Bose Institute, India
Title: Anticancer Therapeutics based on Nanoparticulated Methylglyoxal
Biography: Manju Ray
The anticancer effect of methylglyoxal (MG) has been known for a long time. This is a normal metabolite, can strongly inhibit mitochondrial respiration and glycolysis of exclusively malignant cells. This leads to ATP (energy currency of cell) starvation of those cancer cells, rendering them nonviable. In contrary it has no adverse effect on normal cells. Pharmacokinetic and toxicological studies confirmed that MG has apparently no toxic effect. MG can activate macrophages via the production of superoxide and nitrite and by MAPK/NF-κβ signaling pathway. These findings led the way for anticancer drug development using MG as a key component. Phase I Clinical study was done on a limited number of terminal cancer patients to test the efficacy of the drug with the due approval of the Institutional Ethical Committee (IEC) and the Drug Controller General of India (DCGI). Highly encouraging results of this study had lead to the Phase II Clinical trial on cancer patients which is on the way in completion. MG, being a normal metabolite, is rapidly degraded by various enzymes present in the body resulting in reduced therapeutic efficiency. To prevent this degradation, MG was conjugated with a natural polymer, chitosan.

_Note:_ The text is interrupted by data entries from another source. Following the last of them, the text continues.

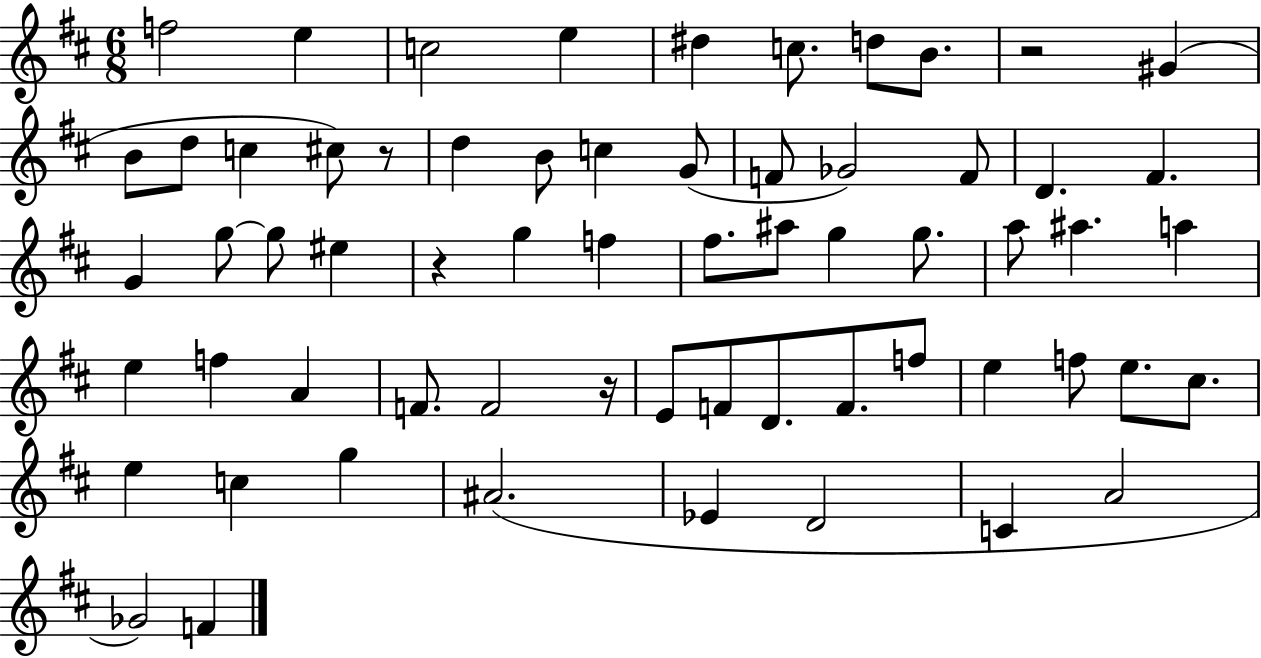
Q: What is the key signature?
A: D major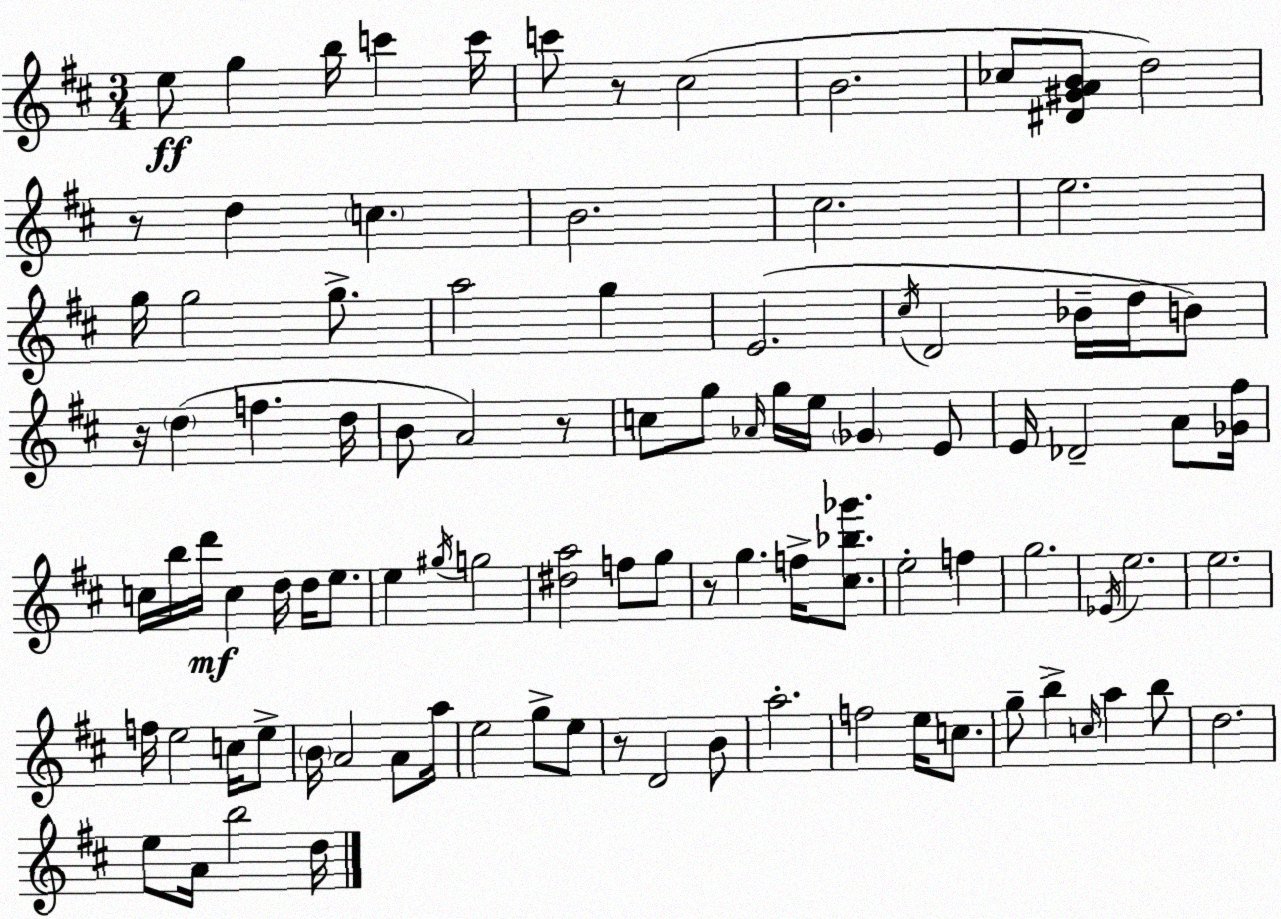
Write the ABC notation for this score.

X:1
T:Untitled
M:3/4
L:1/4
K:D
e/2 g b/4 c' c'/4 c'/2 z/2 ^c2 B2 _c/2 [^D^GAB]/2 d2 z/2 d c B2 ^c2 e2 g/4 g2 g/2 a2 g E2 ^c/4 D2 _B/4 d/4 B/2 z/4 d f d/4 B/2 A2 z/2 c/2 g/2 _A/4 g/4 e/4 _G E/2 E/4 _D2 A/2 [_G^f]/4 c/4 b/4 d'/4 c d/4 d/4 e/2 e ^g/4 g2 [^da]2 f/2 g/2 z/2 g f/4 [^c_b_g']/2 e2 f g2 _E/4 e2 e2 f/4 e2 c/4 e/2 B/4 A2 A/2 a/4 e2 g/2 e/2 z/2 D2 B/2 a2 f2 e/4 c/2 g/2 b c/4 a b/2 d2 e/2 A/4 b2 d/4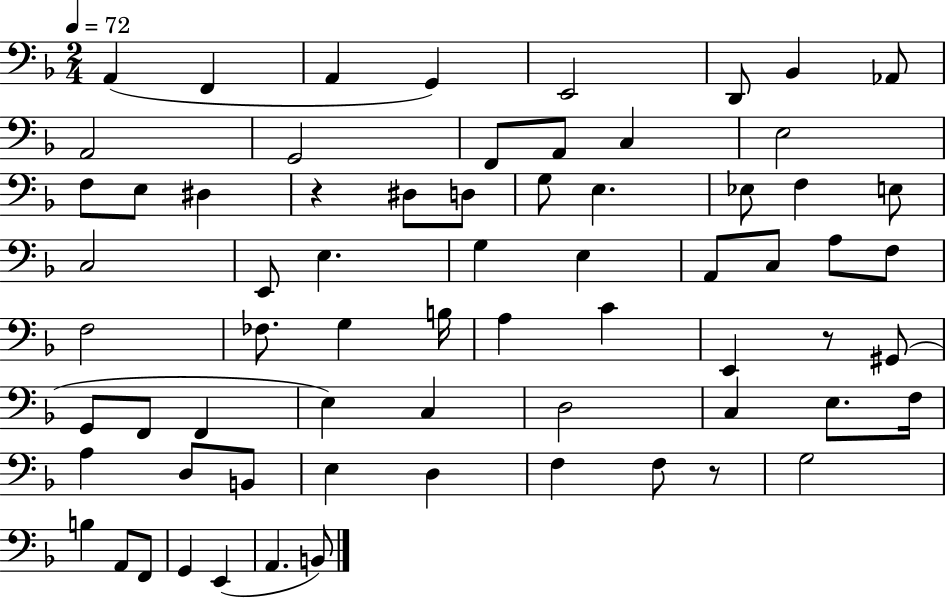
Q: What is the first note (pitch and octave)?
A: A2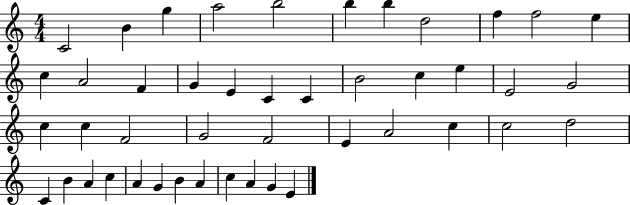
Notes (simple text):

C4/h B4/q G5/q A5/h B5/h B5/q B5/q D5/h F5/q F5/h E5/q C5/q A4/h F4/q G4/q E4/q C4/q C4/q B4/h C5/q E5/q E4/h G4/h C5/q C5/q F4/h G4/h F4/h E4/q A4/h C5/q C5/h D5/h C4/q B4/q A4/q C5/q A4/q G4/q B4/q A4/q C5/q A4/q G4/q E4/q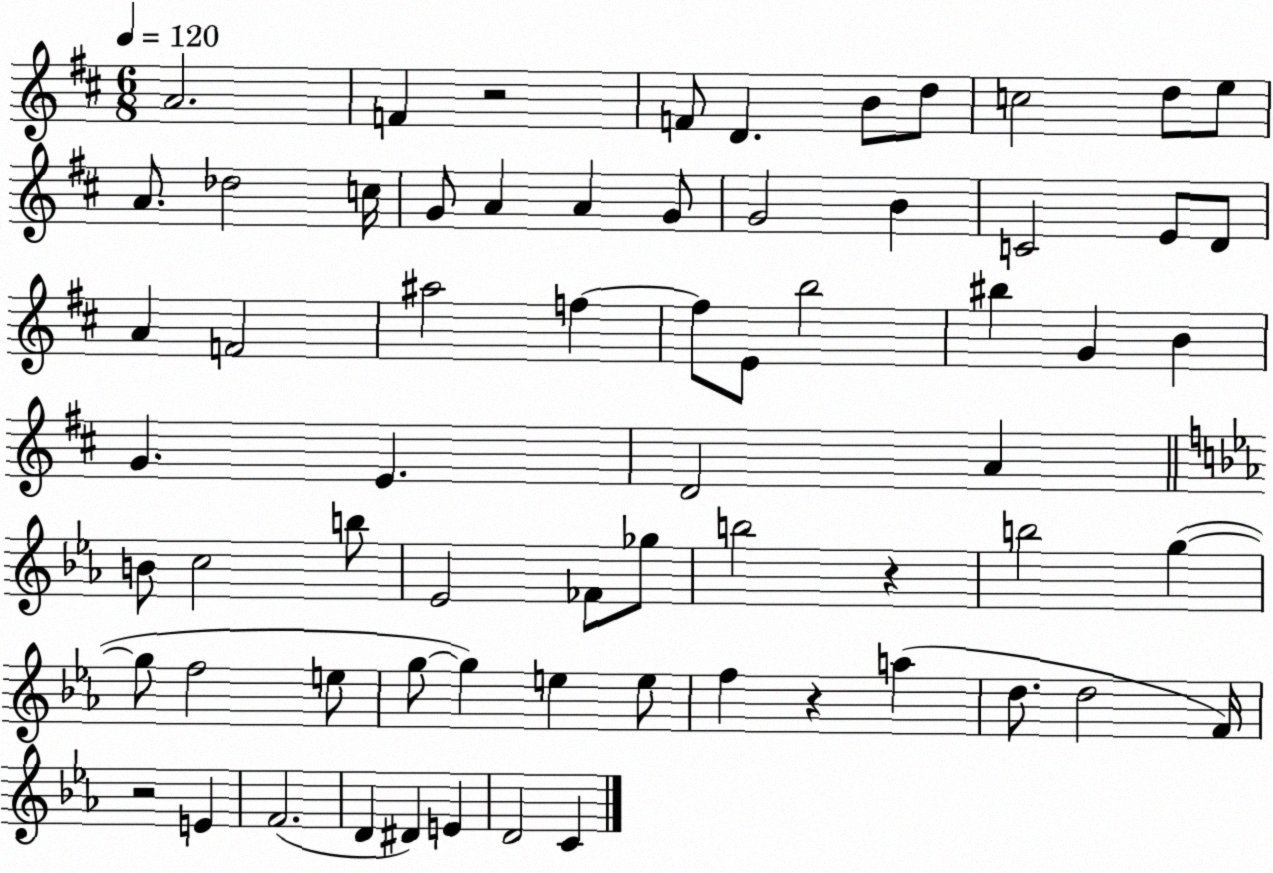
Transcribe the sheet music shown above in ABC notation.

X:1
T:Untitled
M:6/8
L:1/4
K:D
A2 F z2 F/2 D B/2 d/2 c2 d/2 e/2 A/2 _d2 c/4 G/2 A A G/2 G2 B C2 E/2 D/2 A F2 ^a2 f f/2 E/2 b2 ^b G B G E D2 A B/2 c2 b/2 _E2 _F/2 _g/2 b2 z b2 g g/2 f2 e/2 g/2 g e e/2 f z a d/2 d2 F/4 z2 E F2 D ^D E D2 C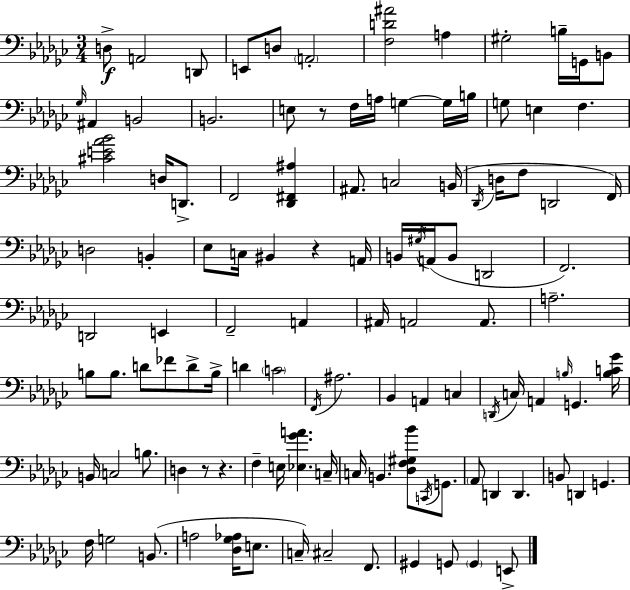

The synthesized nanoparticulated methylglyoxal (Nano-MG) is more competent as an anticancer agent than bare MG. Nano-MG has strong anticancer property both in vitro and in vivo. It has been demonstrated that Nano-MG has more cytotoxicity and increased rate of apoptosis in various cancer cell lines in comparison with bare MG, without any adverse effect on normal mouse myoblast cell line C2C12. Nano-MG also found to be effective in both Carcinoma and Sarcoma. Efficacy of Nano-MG is about 400 times more in EAC-bearing mice and nearly 80 times more in sarcoma-180 induced solid tumor bearing mice than that of bare MG. Nano-MG showed immunomodulatory property. A few cytokines and surface receptors of macrophages including iNOS, IFN-γ, TNF-α, IL-1β, IL-6, M-CSF, TLR-4 and TLR-9, which are well known for playing vital roles in enhancing immunity have also been assayed at their mRNA levels. The cytokines exhibited marked up regulation on treatment with the Nano-MG at much lower dose in Sarcoma-180 tumor bearing mice compared to untreated (sarcoma 180 bearing) counterparts. In conclusion, Nano-MG is an excellent candidate as cancer therapeutics.